To a degree it is. I think the worst thing here is that we continuously close-mic acoustic sources, to "give them that close, intimate feel". That's originally about the proximity effect and about HF attenuation with distance, but since it's now a part of a culturally shared idiom as well, we associate extra power with it as such, beyond the mere psychoacoustics. Electronic distortion with its synthetic overtones doesn't help here, either.

But still, at the very bottom, you'd have this very same reaction because of the pure, physical acoustical proximity effect. E.g. I'm pretty sure someone like Philippo Fazi could explain with neat visualisation how the boundary conditions represented by the human head turn this curved wavefront reactivity into a noticeable bass-boost at the tympanic membrane, given the shape of the human head, upper torso and pinnae. It really isn't just about the reproduction technology; it's about how soundfields work and how we naturally perceive them from within them.

After all, taken individually, at those sort of frequencies our ears are essentially omnidirectional and not subject to bass boost (to anything like the same degree).

The NFC-HOA theory doesn't take into account how we hear things. It's a physical theory and not a psychoacoustic one.

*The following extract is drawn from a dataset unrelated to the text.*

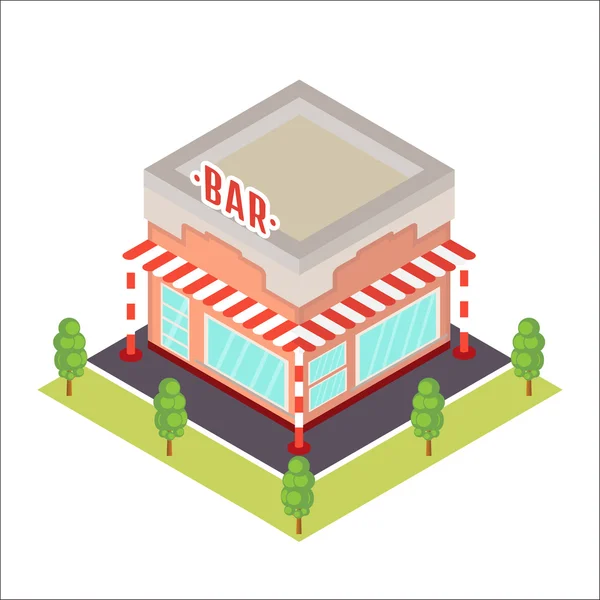 Icono del restaurante isométrico . — Vector de stock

It just recreates soundfields, and lets us hear them as we happen to do. If we don't hear those spatially differentiated low frequencies, so what? They were still recreated with perfect fidelity, and we heard them as such. If perhaps losing some of the impact in the process, given that we're no blue whales.

If you then look at the second NFC-HOA paper, they actually exploit this fact to arrive at a lower energy intake transmission pipe. They don't go into psychoacoustics just yet, but they do cut out the huge low frequency anti-phase signals which come from the naïve soundfield reconstruction math.

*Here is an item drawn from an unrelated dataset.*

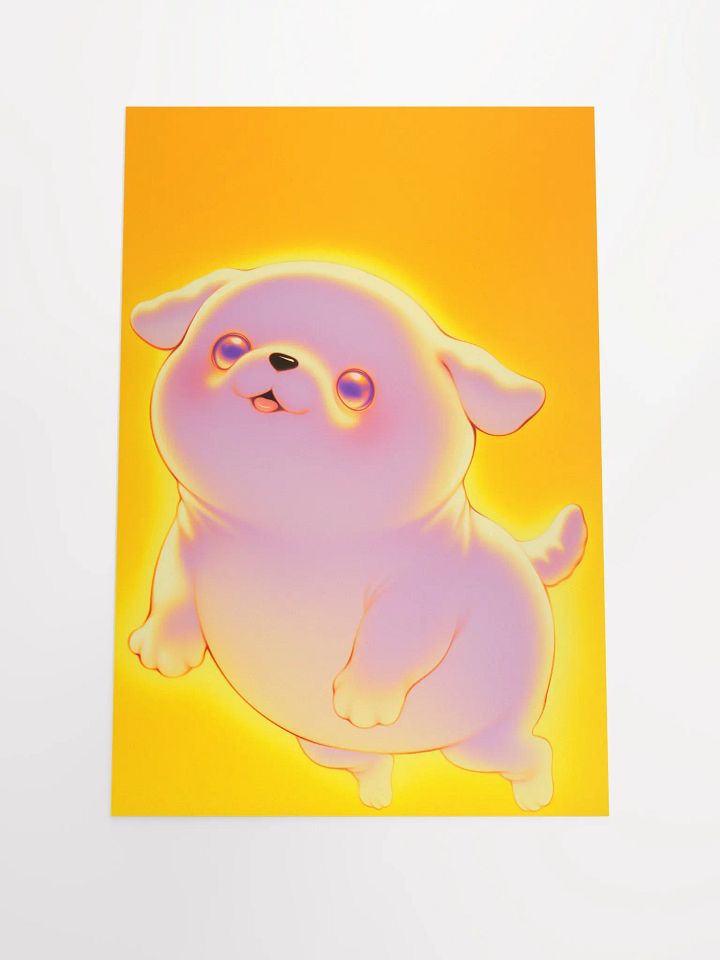 Luminous Pudgy Pup Poster product image (1)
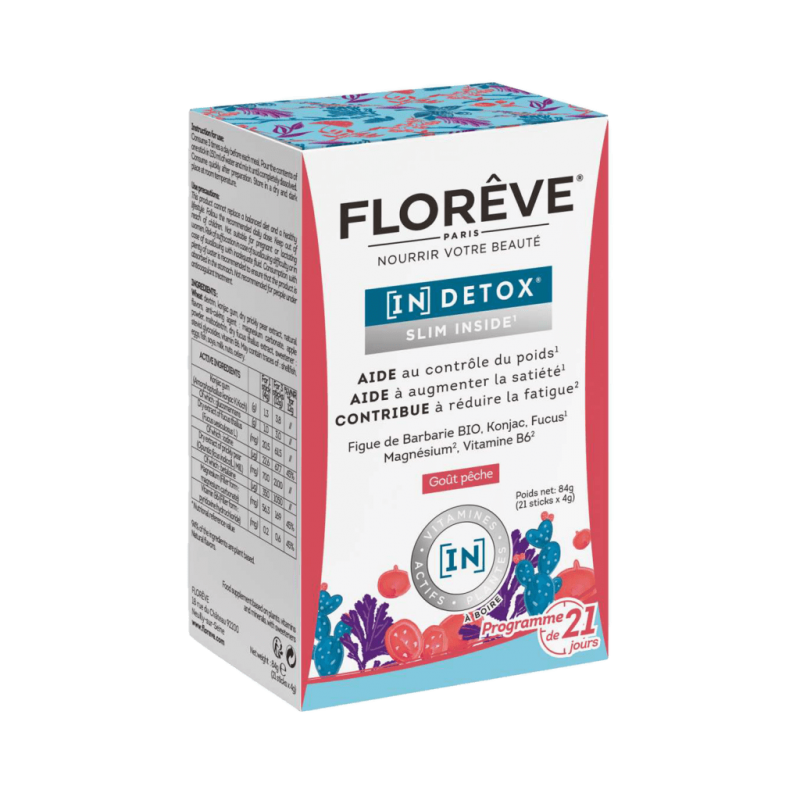 FLOREVE maisto papildai lieknėjimui (IN) DETOX SLIM INSIDE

You're right that POA assumes plane waves. The encoded signals are reproduced at the distance of the loudspeakers.

No. Those two are in direct contradiction. If a point source comes from the surface of the rig, it's going to be a spherical wave originating from that distance. If it's a planewave instead, it's either just a planewave, or a (very tight) approximation of an infinitely far-away point source (that also being a plane wave when you measure it locally).

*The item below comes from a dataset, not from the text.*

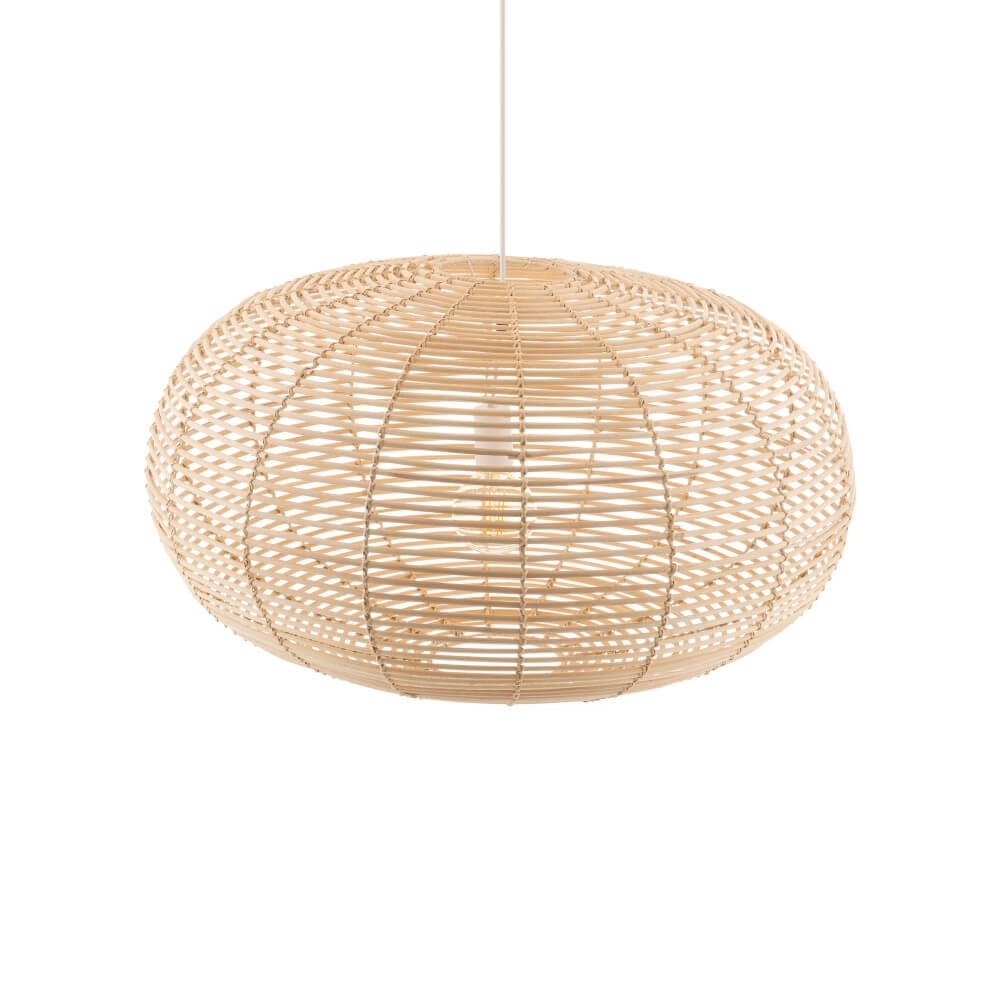 Suspension naturelle Rattan L Ø 70cm Lyora 5903139111553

The shelf filters in a BLaH compliant decoder are (as I understand it) an attempt to compensate for the speakers finite distance, and that they don't produce plane waves at the listener. This is often referred to as 'distance compensation'.

Sorta. In the conventional ambisonic decoder there are two separate circuits. The first (set) is the shelf one, which is based on psychoacoustics alone. In a sense it tries to compensate for the very low, seventies bandwidth of just four channels for periphony. It does so by frequency selectively varying the relative amplitude of the zeroth and first components. At low frequencies it goes with a velocity, or systematic decode, because there we seem to (or seemed to) hear interaural phase differences pretty well, but not the amplitude ones. Going higher up, the shelf filtering is optimized to reproduce power differences between the two ears, which seem(ed) to work pretty well for both a) a well-centered single listener, and b) for purely mathematical, statistical reasons for non-centered listeners as well.

This first circuitry is never something you can switch off in a conventional ambisonic decoder, because it's about pure psychoacoustical optimization, with regard to the pure, physical bound signal that is being received.

The distance compensation circuit on the other hand can be swiched on or off, because it has to do with the receiver end rig geometry, which is then naturally variable by design. In reality it too ought to be a continuous knob, just as the aspect ratio knob in the four speaker decoders is. But then this would lead to a total bitch of a filter circuit in the analog domain, for little gain in the usual domestic situation which ambisonic was originally aimed at. Thus, the classical decoders simply give you the choice of no distance compensation, or a switch-in compensation tuned for something like a 3 metre rig diametre (or was it radius, I forget).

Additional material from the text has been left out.